# Roll off chipper box



## bins (Oct 11, 2007)

I am looking at starting a roll off business and I am trying to see if anyone thinks that roll off chipper boxes would be a good idea. How much would you be willing to pay? Any advice is welcomed.


----------



## Canyonbc (Oct 11, 2007)

You mean something like a 40 yard dumpster...that you get through the trash company, but made into a chip box???

I dont think it would be a big hit...


----------



## treeman82 (Oct 11, 2007)

Maybe homeowners might like the idea??? Personally I just bid on a job where I am going to need 2 chip trucks. Once one fills up the other takes over... switching out until the tree is down. BIG sucker. Not sure that the 40 yard box would really work for such a situation. Either you'd have overkill on capacity... or you'd be short. Either way, once the box is on the ground it's staying there until the truck comes back to get it.


----------



## Canyonbc (Oct 11, 2007)

Ya i agree...to big or to small..

i have used 40 yard dumpsters...in the past for logs and stuff...its too easy to rent them when you need...

not enough of a demand full time to own one....

best of luck though with business.


----------



## bins (Oct 11, 2007)

10 or 20 yd box. I am just thinking about having 1 or 2 bins set up for the tree companies. $160 for a 10 yard box $210 for 20 yd.


----------



## treeman82 (Oct 11, 2007)

Does that include dumping fees? Also, are you limitted to just chips, or can people put wood in there too? At those rates things change a bit. I know that for $210 I'd get a container and load it as much as I could with junk wood.


----------



## Canyonbc (Oct 11, 2007)

wow ya...heck ya it...does. 

If you can work at those rates i am sure you can get every tree service business in town..

but tree man does make a valid point...what can go in the bin..

and how long can it be at a site???

Delievery?


----------



## bins (Oct 12, 2007)

That would be just for wood chips.
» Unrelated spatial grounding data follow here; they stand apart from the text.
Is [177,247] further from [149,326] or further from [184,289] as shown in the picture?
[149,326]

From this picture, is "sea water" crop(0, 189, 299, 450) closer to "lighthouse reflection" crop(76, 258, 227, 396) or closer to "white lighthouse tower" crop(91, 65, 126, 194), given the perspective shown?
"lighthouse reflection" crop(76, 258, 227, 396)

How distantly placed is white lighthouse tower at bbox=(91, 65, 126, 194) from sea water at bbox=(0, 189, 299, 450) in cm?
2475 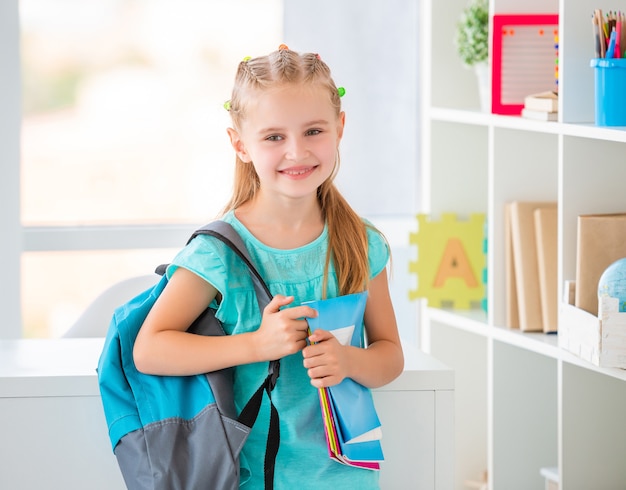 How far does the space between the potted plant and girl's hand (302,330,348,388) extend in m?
1.22

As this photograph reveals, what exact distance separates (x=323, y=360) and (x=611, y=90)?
80cm

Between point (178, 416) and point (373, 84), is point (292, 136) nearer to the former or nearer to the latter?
point (178, 416)

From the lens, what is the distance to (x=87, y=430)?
145 centimetres

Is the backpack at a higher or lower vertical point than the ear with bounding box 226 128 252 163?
lower

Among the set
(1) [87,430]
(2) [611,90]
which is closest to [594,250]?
(2) [611,90]

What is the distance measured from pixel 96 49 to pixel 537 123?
1.40m

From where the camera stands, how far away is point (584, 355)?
5.79ft

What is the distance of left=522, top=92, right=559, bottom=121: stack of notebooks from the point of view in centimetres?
197

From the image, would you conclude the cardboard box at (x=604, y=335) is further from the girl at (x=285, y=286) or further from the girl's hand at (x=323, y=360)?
the girl's hand at (x=323, y=360)

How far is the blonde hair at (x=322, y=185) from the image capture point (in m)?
1.38

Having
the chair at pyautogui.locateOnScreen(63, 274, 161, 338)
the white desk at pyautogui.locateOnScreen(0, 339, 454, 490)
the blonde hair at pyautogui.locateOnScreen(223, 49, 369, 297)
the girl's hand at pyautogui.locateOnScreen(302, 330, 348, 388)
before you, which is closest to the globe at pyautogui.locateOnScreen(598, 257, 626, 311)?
the white desk at pyautogui.locateOnScreen(0, 339, 454, 490)

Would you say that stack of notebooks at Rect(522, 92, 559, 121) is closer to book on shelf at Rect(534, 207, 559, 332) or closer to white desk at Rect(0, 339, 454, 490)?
book on shelf at Rect(534, 207, 559, 332)

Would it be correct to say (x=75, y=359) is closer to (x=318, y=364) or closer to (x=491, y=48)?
(x=318, y=364)

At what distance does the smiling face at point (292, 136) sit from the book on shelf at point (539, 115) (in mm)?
742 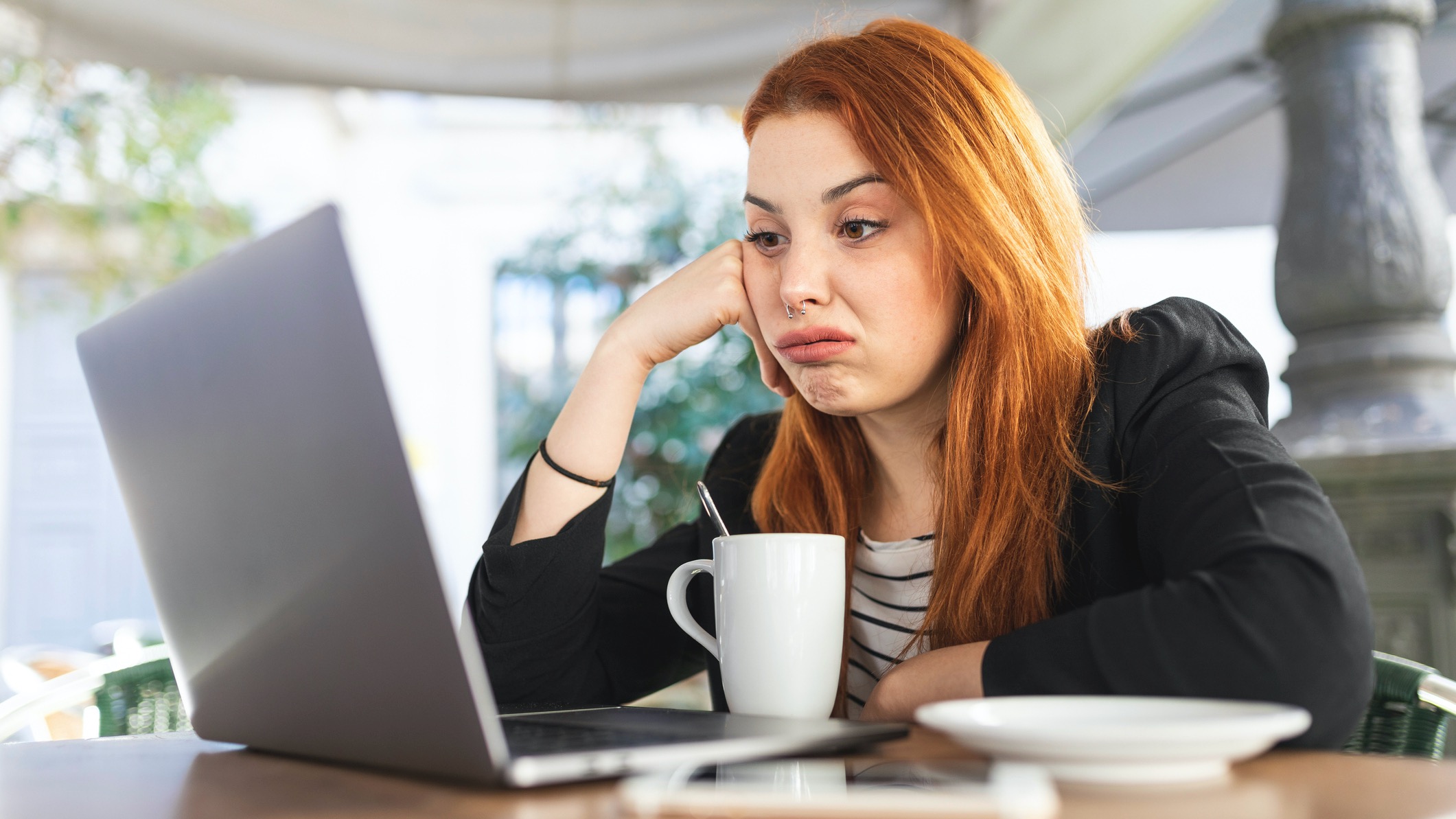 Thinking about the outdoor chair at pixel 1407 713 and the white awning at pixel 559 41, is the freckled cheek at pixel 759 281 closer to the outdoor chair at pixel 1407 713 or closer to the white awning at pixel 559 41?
the outdoor chair at pixel 1407 713

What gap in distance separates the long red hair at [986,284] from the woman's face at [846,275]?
2 cm

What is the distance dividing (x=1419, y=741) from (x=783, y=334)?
614 mm

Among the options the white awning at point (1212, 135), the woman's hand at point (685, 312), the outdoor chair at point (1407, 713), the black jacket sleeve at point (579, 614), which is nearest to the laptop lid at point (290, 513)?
the black jacket sleeve at point (579, 614)

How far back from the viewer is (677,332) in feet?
3.40

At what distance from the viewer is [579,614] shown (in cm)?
99

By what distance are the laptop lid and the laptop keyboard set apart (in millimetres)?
37

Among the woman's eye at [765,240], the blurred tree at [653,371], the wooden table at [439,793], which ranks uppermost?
the blurred tree at [653,371]

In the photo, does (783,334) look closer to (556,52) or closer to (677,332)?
(677,332)

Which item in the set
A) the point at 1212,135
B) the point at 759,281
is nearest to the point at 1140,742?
the point at 759,281

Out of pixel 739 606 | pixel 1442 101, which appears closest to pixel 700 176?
pixel 1442 101

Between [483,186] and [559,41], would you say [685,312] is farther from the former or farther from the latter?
[483,186]

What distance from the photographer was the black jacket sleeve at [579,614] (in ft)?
3.15

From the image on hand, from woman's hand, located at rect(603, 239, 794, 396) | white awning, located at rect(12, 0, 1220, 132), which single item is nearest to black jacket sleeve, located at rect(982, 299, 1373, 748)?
woman's hand, located at rect(603, 239, 794, 396)

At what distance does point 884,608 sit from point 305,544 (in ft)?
2.24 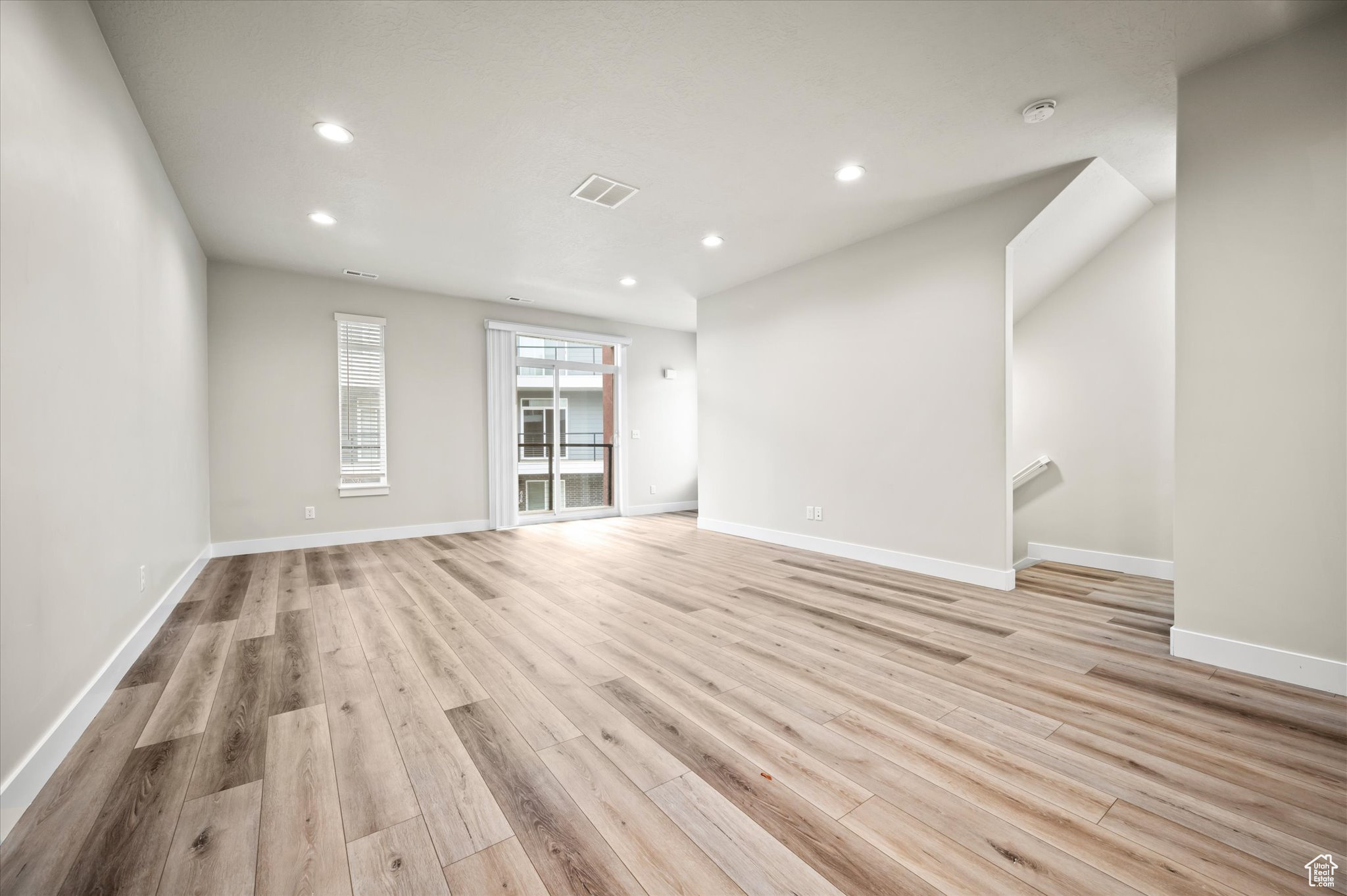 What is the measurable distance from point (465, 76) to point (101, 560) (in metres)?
2.63

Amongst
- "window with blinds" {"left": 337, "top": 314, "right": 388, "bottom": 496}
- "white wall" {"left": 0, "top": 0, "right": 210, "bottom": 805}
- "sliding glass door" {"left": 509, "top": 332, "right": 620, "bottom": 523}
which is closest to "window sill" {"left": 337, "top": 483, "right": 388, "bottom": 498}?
"window with blinds" {"left": 337, "top": 314, "right": 388, "bottom": 496}

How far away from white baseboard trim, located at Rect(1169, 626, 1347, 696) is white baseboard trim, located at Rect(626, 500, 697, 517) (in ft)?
19.4

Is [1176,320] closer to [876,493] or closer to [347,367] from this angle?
[876,493]

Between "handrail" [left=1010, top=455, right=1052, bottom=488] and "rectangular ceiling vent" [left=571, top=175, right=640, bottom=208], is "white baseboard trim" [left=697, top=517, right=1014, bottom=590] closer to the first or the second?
"handrail" [left=1010, top=455, right=1052, bottom=488]

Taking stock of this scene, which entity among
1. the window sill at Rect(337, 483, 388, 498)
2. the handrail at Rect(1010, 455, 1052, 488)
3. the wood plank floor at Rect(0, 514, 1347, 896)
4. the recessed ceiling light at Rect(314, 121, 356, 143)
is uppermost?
the recessed ceiling light at Rect(314, 121, 356, 143)

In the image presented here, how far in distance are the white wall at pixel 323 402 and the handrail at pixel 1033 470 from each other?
536 cm

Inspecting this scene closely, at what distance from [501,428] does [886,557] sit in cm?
459

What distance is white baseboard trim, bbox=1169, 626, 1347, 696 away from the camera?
7.18ft

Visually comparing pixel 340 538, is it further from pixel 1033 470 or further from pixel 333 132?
pixel 1033 470

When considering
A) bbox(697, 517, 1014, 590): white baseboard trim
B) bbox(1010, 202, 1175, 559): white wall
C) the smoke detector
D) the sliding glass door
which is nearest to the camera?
the smoke detector

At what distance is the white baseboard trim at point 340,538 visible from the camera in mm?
5062

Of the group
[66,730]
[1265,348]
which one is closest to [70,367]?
[66,730]

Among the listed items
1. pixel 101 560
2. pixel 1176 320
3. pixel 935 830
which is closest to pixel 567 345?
pixel 101 560

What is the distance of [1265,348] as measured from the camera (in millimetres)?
2354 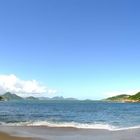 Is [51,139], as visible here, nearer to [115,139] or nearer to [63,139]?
[63,139]

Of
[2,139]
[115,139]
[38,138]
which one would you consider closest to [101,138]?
[115,139]

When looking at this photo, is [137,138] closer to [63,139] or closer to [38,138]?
[63,139]

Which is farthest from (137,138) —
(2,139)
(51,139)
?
(2,139)

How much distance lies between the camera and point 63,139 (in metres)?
24.3

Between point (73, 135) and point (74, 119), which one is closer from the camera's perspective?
point (73, 135)

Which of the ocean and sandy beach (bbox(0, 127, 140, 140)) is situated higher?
the ocean

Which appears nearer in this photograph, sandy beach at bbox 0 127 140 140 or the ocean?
sandy beach at bbox 0 127 140 140

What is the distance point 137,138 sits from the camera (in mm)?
23953

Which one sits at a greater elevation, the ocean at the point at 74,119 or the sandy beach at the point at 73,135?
the ocean at the point at 74,119

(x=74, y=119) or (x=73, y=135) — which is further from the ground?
(x=74, y=119)

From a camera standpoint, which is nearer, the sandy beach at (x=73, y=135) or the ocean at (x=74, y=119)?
the sandy beach at (x=73, y=135)

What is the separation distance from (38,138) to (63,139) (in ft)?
6.54

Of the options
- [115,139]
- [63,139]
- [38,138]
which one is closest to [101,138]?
[115,139]

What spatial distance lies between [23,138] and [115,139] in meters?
7.28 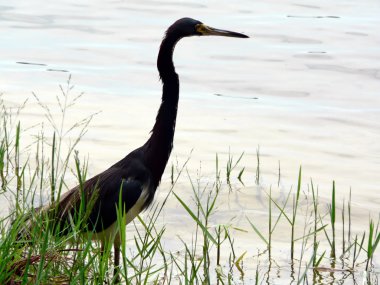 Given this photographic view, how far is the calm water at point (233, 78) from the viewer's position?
8492mm

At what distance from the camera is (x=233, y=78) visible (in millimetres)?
11094

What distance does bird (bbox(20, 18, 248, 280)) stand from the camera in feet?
20.0

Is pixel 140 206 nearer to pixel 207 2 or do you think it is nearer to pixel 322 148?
pixel 322 148

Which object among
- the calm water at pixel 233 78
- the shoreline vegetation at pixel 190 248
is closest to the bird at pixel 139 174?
the shoreline vegetation at pixel 190 248

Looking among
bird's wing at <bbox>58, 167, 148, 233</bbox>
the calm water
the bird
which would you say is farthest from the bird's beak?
the calm water

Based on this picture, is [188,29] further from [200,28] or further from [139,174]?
[139,174]

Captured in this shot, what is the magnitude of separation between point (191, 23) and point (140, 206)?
4.11ft

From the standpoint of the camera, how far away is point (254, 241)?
671 centimetres

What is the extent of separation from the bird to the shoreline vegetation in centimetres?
15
That would inculde dump fees. It could sit on site for a couple of days for that price.


----------



## 2FatGuys (Oct 12, 2007)

*Possible Option?*

I would be concerned about accepting loads of chips that may include wood debris, trash and other undesireable materials. The comments about "loading it up with junk wood" reflect how many of us think on-site. We tend to do what gets the job done most efficiently on our end.

Maybe a possible variation to the idea of leaving boxes onsite is to invest in a grapple loader truck and a tub grinder. Then your service goes to the site, picks up the piles of brush and hauls them offsite to chip. Yeah... I know it's a bigger investment, but many small operators could get a lot more work done without having to deal with chipping / dumping. Also, you would know what you are hauling away. That way you don't think you're getting clean chips and end up with a load of chip covered dirty stumps. This service is provided in many municipalities to homeowners, but will not pick up commercially cut debris.


----------



## ASD (Oct 12, 2007)

All we use is hook lift trucks (dumpster rigs) and we chip into them on the truck or on the ground you do not need to mod them to chip in to them when on the ground . the best part about useing them is you can pile the brush in the drive way and put the wood in with the box on the ground and then pick it up and do your chipping


----------



## ASD (Oct 12, 2007)




----------



## Canyonbc (Oct 12, 2007)

Nice..i like the two for one type set up...you have going there. 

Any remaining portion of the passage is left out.